*** Opening Given information ***
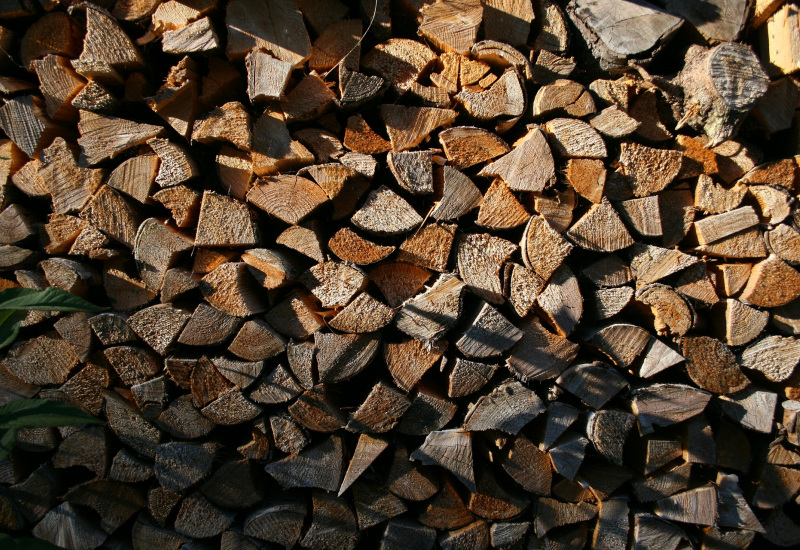 Erquelinnes : vente de bois de chauffage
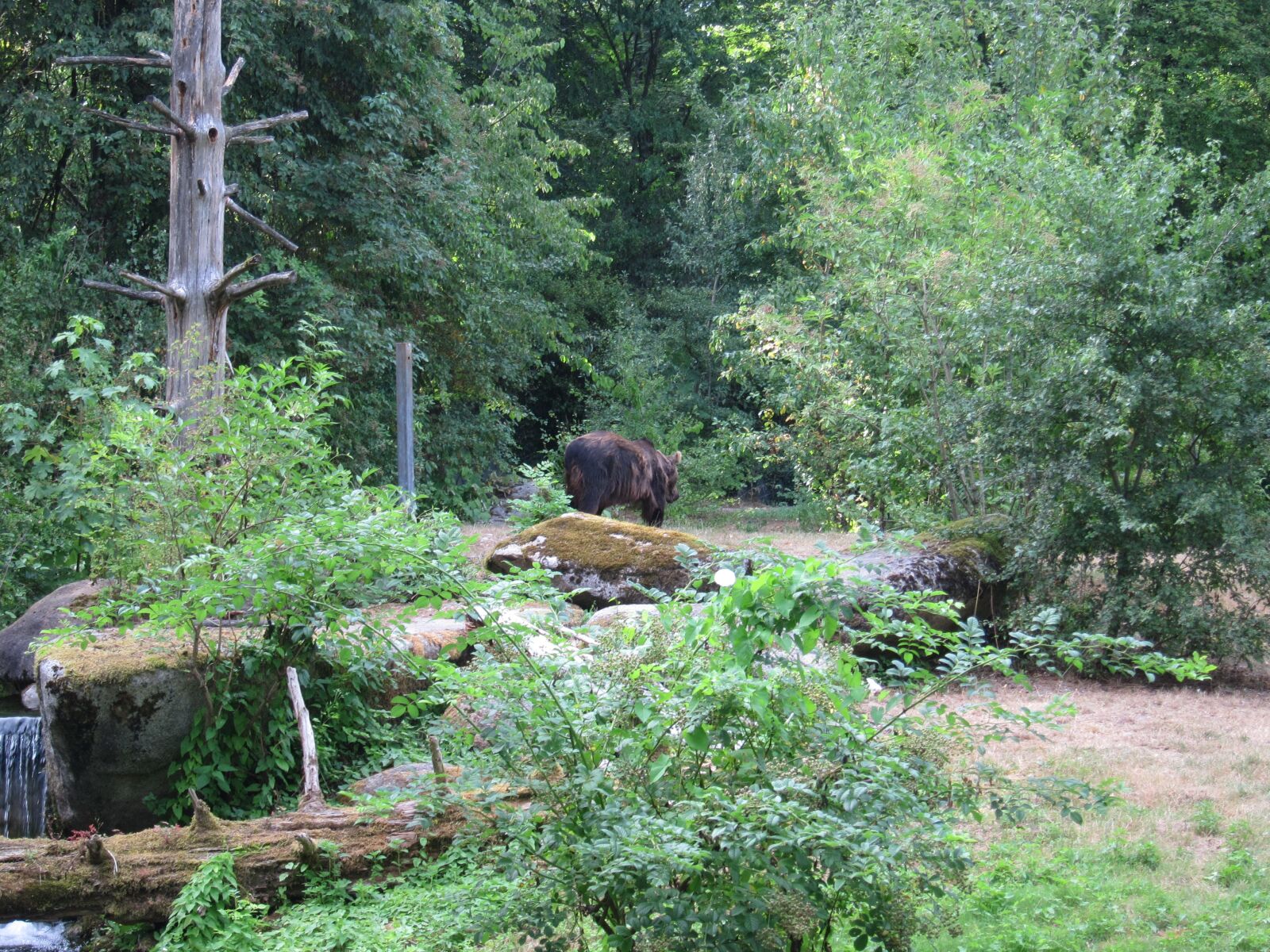 Canon PowerShot S95 sample photo. Bear, teddy, animal photography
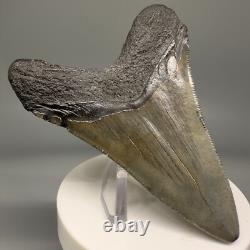Lower Jaw 3.41 Fossil MEGALODON Shark Tooth USA Cool Shape, Nice Tooth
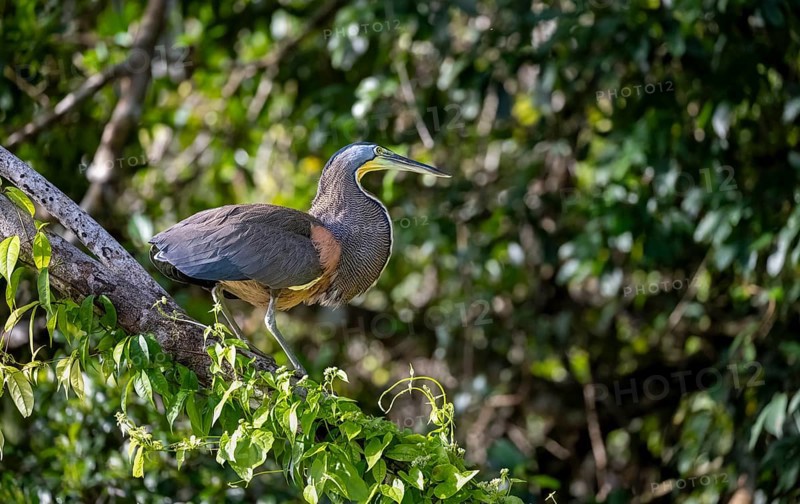 Bare-throated tiger heron (Tigrisoma mexicanum) sitting on a branch, Tortuguero National Park, Costa Rica, Central America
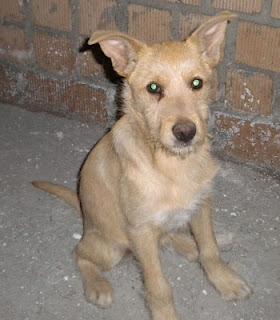 CACHORRO RESCATADO EN UN PUEBLO DE CADIZ COLGADO DE LA RAMA DE UN ARBOL, URGE ACOGIDA O ADOPTANTE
*** Closing Given information ***
> Task brief: Should the entries hold any pictures, please omit those and print the remaining text exactly.

> Exercise output:
 Erquelinnes : vente de bois de chauffage
 Canon PowerShot S95 sample photo. Bear, teddy, animal photography
Lower Jaw 3.41 Fossil MEGALODON Shark Tooth USA Cool Shape, Nice Tooth
 Bare-throated tiger heron (Tigrisoma mexicanum) sitting on a branch, Tortuguero National Park, Costa Rica, Central America
 CACHORRO RESCATADO EN UN PUEBLO DE CADIZ COLGADO DE LA RAMA DE UN ARBOL, URGE ACOGIDA O ADOPTANTE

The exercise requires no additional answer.